TRUNCATE TABLE ClusterLog
bulk insert ClusterLog FROM 'D:\Powershell\SQL3clean.csv'
WITH (FIELDTERMINATOR = ',', ROWTERMINATOR = '\n', FIRSTROW = 2)

UPDATE ClusterLog
SET Source = REPLACE(REPLACE(Source, CHAR(91), ''), ']', '')

SET CONCAT_NULL_YIELDS_NULL OFF
select 'SQLCL3' AS Cluster
,DATEADD(hh, 2, REPLACE(SUBSTRING(StringDate, PATINDEX('%::%',StringDate)+2, 19), '-', ' ')) AS TimeLogged
,"Severity" = CASE
WHEN Sev LIKE 'ERR' THEN 'Error'
WHEN Sev LIKE 'WARN' Then 'Warning'
END
,"Source" = CASE
WHEN Source LIKE 'API' THEN 'API support'
WHEN Source LIKE 'ClMsg' THEN 'Cluster messaging'
WHEN Source LIKE 'ClNet' THEN 'Cluster network engine'
WHEN Source LIKE 'CP' THEN 'Checkpoint Manager'
WHEN Source LIKE 'CS' THEN 'Cluster service'
WHEN Source LIKE 'DM' THEN 'Database Manager'
WHEN Source LIKE 'EP' THEN 'Event Processor'
WHEN Source LIKE 'FM' THEN 'Failover Manager'
WHEN Source LIKE 'GUM' THEN 'Global Update Manager'
WHEN Source LIKE 'INIT' THEN 'Initial state'
WHEN Source LIKE 'JOIN' THEN 'The node state that follows INIT when the node attempts to join a cluster'
WHEN Source LIKE 'LM' THEN 'Log Manager. Maintains the quorum log.'
WHEN Source LIKE 'MM' THEN 'Membership Manager, also known and written to the cluster log as Regroup (RGP)'
WHEN Source LIKE 'NM' THEN 'Node Manager. Keeps track of the state of other nodes in the cluster'
WHEN Source LIKE 'OM' THEN 'Object Manager. Maintains an in-memory database of entities, or objects (nodes, networks, groups)'
WHEN Source LIKE 'RGP' THEN 'Regroup, Tracks which nodes are members of the cluster'
WHEN Source LIKE 'RM' THEN 'Resource Monitor'
WHEN Source LIKE 'SQA' THEN 'SQL Server Agent'
WHEN Source LIKE 'NNm' THEN 'Network Name'
WHEN Source LIKE 'IPA' THEN 'IP Address'
WHEN Source LIKE 'VMg' THEN 'Volume Manager'
ELSE Source
END
,D1 + ' ' + D2 + ' ' + D3 + ' '+ D4+ ' '+ D5 + ' '+ D6 + ' '+ D7 + ' '+ D8 + ' '+ D9 + ' '+ D10 + ' '+ D11 + ' '+ D12 + ' '+ D13 + ' '+ D14 + ' '+ D15 + ' '+ D16 + ' '+ D17 + ' '+ D18 + ' '+ D19 + ' '+ D20 + ' '+ D21 + ' '+ D22 + ' '+ D23 + ' '+ D24 AS ErrorDescription
from ClusterLog
WHERE DATEADD(hh, 2, REPLACE(SUBSTRING(StringDate, PATINDEX('%::%',StringDate)+2, 19), '-', ' ')) > getdate()-2
ORDER BY TimeLogged ASC





Above is what the Cluster Log will look like, which is finally useful. Also, with the data being in a SQL Table, we could automate the entire process above and display Cluster Log errors and warnings for the last x days in a Reporting Services report.

Tuesday, March 24, 2009

Defragmenting a partition with a large heavily fragmented database file

I'm sure you've come across this before, you have a 100GB partition with a 60GB database mdf sprawled across the partition in 8600 fragments. Nice! IO performance will be severely impacted, especially if this partition (more often than not) is on a RAID 5 array. In addition to this there is only 15% free space on this partition. Now your task is to defragment the partition and the mdf.

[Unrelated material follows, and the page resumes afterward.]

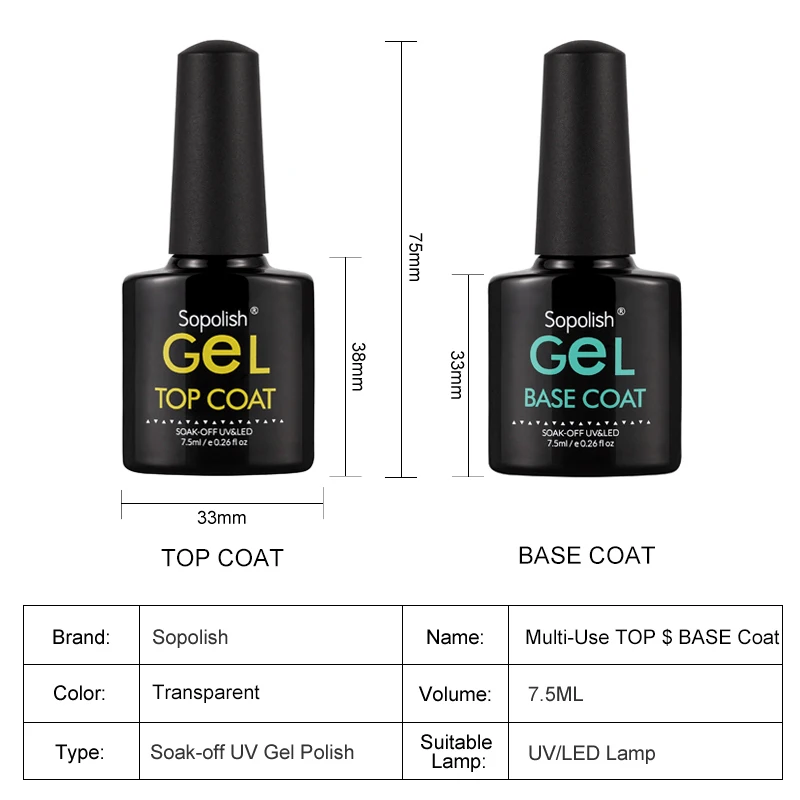 Multi-Use-TOP-$-BASE-Coat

Well the easiest way to accomplish this, if you have another partition with enough space to temporarily house the 60GB mdf is to move the mdf, defrag the data partition and move the mdf back, hopefully into one contiguous space. This is a classic DBA scenario which involves some T-SQL or SSMS work, some OS file system work, some OS defrag work, more file system work and then finally some T-SQL work. All good and well, but now you want to automate it, so that you don't forget about your quest halfway through the process.

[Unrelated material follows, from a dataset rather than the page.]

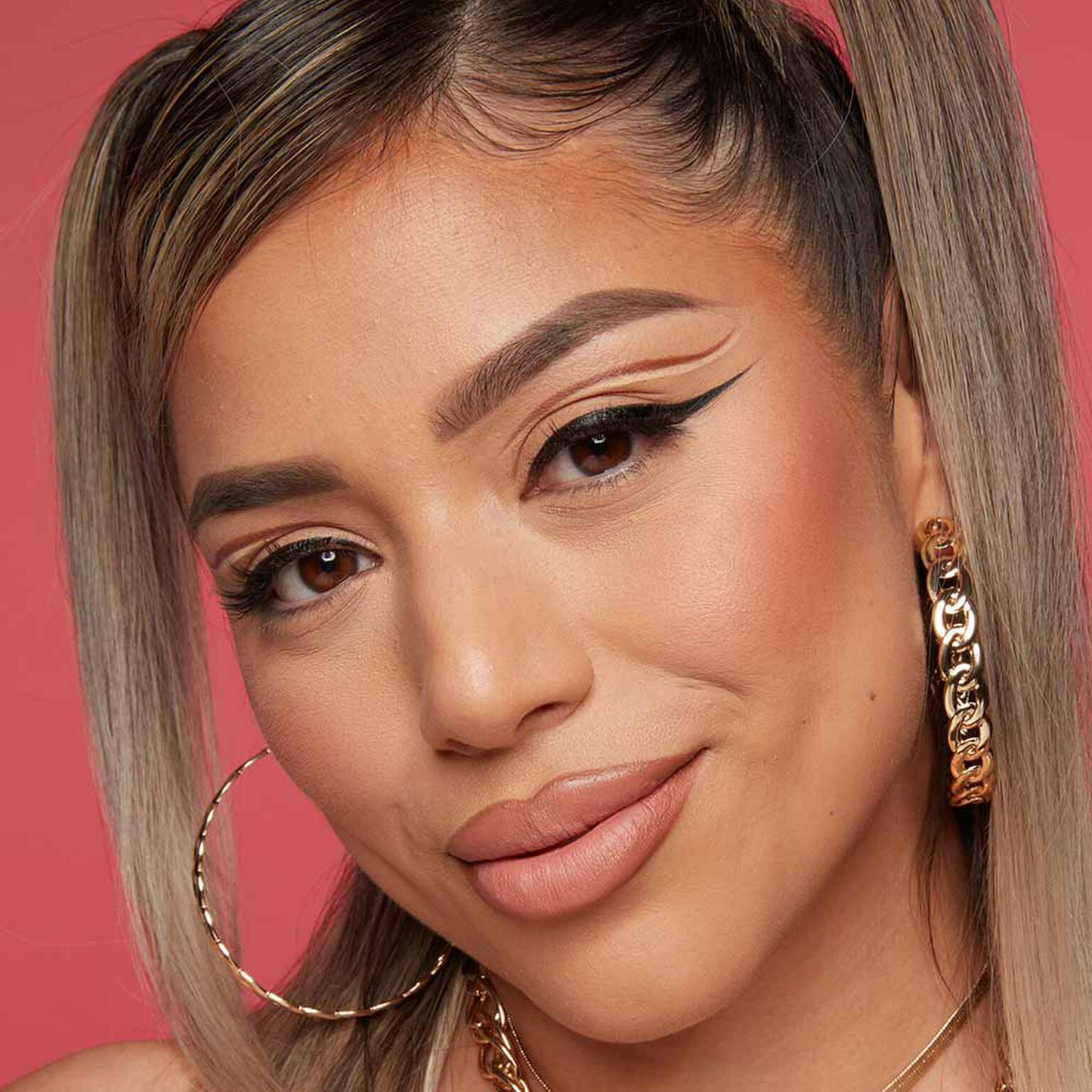 NYX - DELINEADOR EPIC INK LINER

Enter Powershell. Sure, you could do some of the file system stuff using xp_cmdshell. But that little gem should be locked down no? And what about the defrag? Re-enter Powershell.

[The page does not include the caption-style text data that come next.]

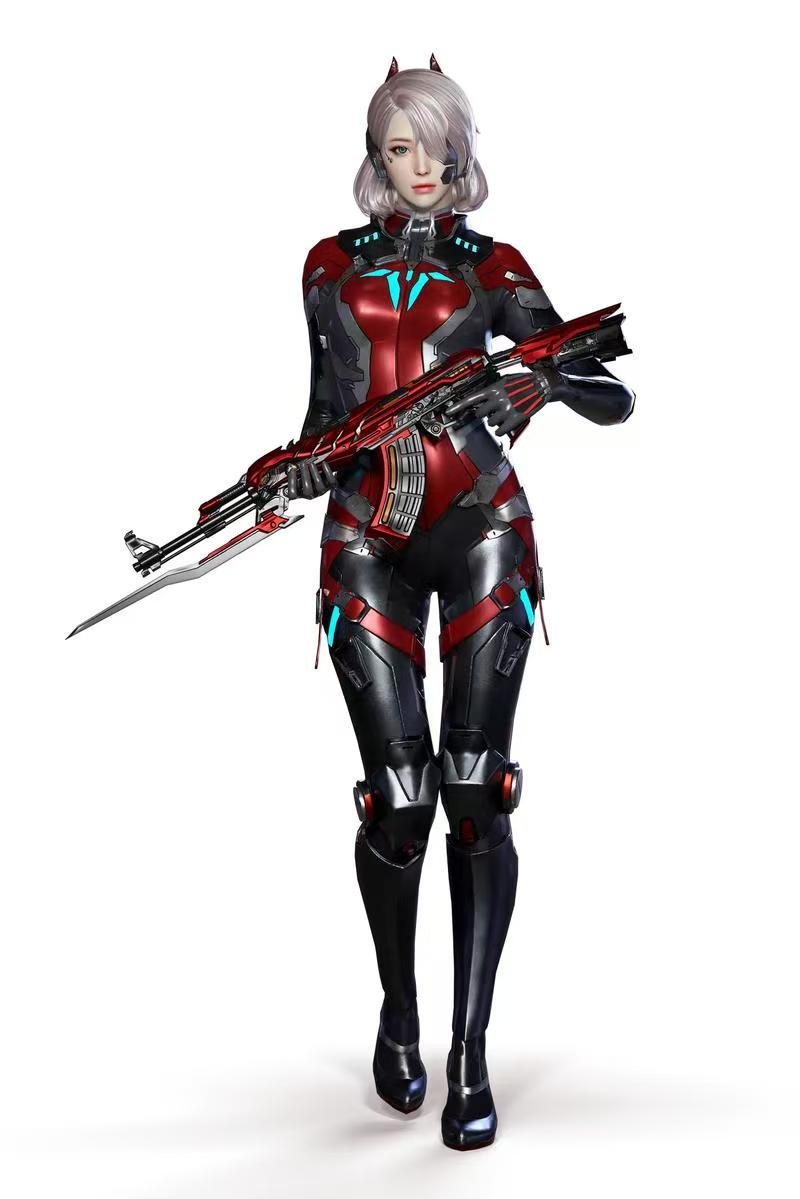 难道这也是炸鱼？ZywOo拿到1.72 Rating帮助队伍晋级淘汰赛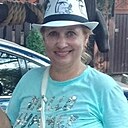 Вероника, 38 лет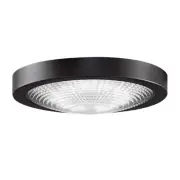 Fanimation Spitfire DC/Select LED Light Kit, Bronze/Frosted - LK6721BDCDZ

In a few lines of code this process can be accomplished from start to finish. In the code below I've created a function that does the tasks outlined above. That is:



  1. Detach the database

  2. Move the mdf and ldf files

  3. Defragment the fragmented partition

  4. Move the mdf and ldf files back

  5. Attach the database

Code:



Function DetDefAt {
Param ([string]$svr, [string]$dbname, [string]$mdf, [string]$ldf, [string]$mdft, [string]$ldft, [string]$Drive2Def)

#detach db
$s = get-sqlserver $svr
#get-sqldatabase $svr $dbname
$s.KillAllProcesses($dbname)
$s.DetachDatabase($dbname,"true")

#move files
move-item $mdf $mdft;
move-item $ldf $ldft;

#defrag
$v=gwmi win32_volume
$v1=$v | where {$_.name -eq $Drive2Def}
#$v1.defraganalysis().defraganalysis
$v1.defrag($true)


#move files back
move-item $mdft $mdf
move-item $ldft $ldf

#attach db
$f = New-Object -Type System.Collections.Specialized.StringCollection
$f.Add($mdf)
$f.Add($ldf)
$s.AttachDatabase($dbname, $f)


}




Cool. The function takes 6 input parameters, the server name that the above task will be run against, the database, the mdf and ldf, the temp locations where the mdf and ldf will be moved to and the partition to defrag.

Rebuild all indexes on all tables in a database using Powershell

For one or more reasons you may want to do database maintenance like index defrags or rebuilds using Powershell. Good news is that this is quite straightforward. If you instantiate the Microsoft.SqlServer.Management.Smo.Database class, you have access to a "tables" collection. There is a method that applies to the tables collection called RebuildIndexes. This method takes Fill Factor as an input parameter. So we have the tools to do what we need to, now its a case of writing the logic to rebuild the indexes on each table. With powershell thats a breeze, since we can run a foreach loop. So assuming that $db is our database objects with $db.tables being the tables collection, we could write:

foreach ($t in $db.tables) {$t.RebuildIndexes(90)}

Another Powershell one liner! This is the most simple form of rebuilding tables in a database using powershell. One could extend this to rebuild all tables in all user databases on a server, or on a list of servers. Or one could rebuild indexes on specific tables.